[Input records Boundary: Start]

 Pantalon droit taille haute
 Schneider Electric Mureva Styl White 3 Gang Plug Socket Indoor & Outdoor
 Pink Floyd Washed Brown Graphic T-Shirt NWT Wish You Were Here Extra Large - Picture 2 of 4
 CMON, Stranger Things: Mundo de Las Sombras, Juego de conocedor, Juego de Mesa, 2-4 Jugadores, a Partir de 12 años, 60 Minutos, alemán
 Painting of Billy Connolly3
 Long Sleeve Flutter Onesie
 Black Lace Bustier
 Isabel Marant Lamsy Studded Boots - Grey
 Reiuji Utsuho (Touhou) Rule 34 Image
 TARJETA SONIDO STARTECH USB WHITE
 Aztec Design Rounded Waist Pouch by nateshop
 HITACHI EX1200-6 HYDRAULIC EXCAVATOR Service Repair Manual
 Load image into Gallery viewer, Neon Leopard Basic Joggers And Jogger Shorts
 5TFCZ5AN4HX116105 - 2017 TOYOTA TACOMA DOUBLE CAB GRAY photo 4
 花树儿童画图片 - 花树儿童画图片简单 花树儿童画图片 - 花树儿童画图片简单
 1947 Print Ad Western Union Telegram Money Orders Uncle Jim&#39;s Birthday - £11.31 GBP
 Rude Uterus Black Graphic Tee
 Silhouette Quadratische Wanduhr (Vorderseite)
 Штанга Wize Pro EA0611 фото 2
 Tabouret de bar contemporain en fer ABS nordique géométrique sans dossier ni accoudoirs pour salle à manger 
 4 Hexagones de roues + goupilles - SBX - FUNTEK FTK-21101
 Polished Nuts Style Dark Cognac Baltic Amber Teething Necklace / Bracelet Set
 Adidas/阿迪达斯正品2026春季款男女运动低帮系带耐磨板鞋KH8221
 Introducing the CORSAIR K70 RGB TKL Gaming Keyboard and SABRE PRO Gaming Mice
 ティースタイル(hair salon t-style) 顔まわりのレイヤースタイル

[Input records Boundary: End]

_Exercise prompt_. Copy out exactly the line that holds "Black Lace Bustier" and all remaining lines of the listing, both the first and the last included.

_Reply to the task_.
 Black Lace Bustier
 Isabel Marant Lamsy Studded Boots - Grey
 Reiuji Utsuho (Touhou) Rule 34 Image
 TARJETA SONIDO STARTECH USB WHITE
 Aztec Design Rounded Waist Pouch by nateshop
 HITACHI EX1200-6 HYDRAULIC EXCAVATOR Service Repair Manual
 Load image into Gallery viewer, Neon Leopard Basic Joggers And Jogger Shorts
 5TFCZ5AN4HX116105 - 2017 TOYOTA TACOMA DOUBLE CAB GRAY photo 4
 花树儿童画图片 - 花树儿童画图片简单 花树儿童画图片 - 花树儿童画图片简单
 1947 Print Ad Western Union Telegram Money Orders Uncle Jim&#39;s Birthday - £11.31 GBP
 Rude Uterus Black Graphic Tee
 Silhouette Quadratische Wanduhr (Vorderseite)
 Штанга Wize Pro EA0611 фото 2
 Tabouret de bar contemporain en fer ABS nordique géométrique sans dossier ni accoudoirs pour salle à manger 
 4 Hexagones de roues + goupilles - SBX - FUNTEK FTK-21101
 Polished Nuts Style Dark Cognac Baltic Amber Teething Necklace / Bracelet Set
 Adidas/阿迪达斯正品2026春季款男女运动低帮系带耐磨板鞋KH8221
 Introducing the CORSAIR K70 RGB TKL Gaming Keyboard and SABRE PRO Gaming Mice
 ティースタイル(hair salon t-style) 顔まわりのレイヤースタイル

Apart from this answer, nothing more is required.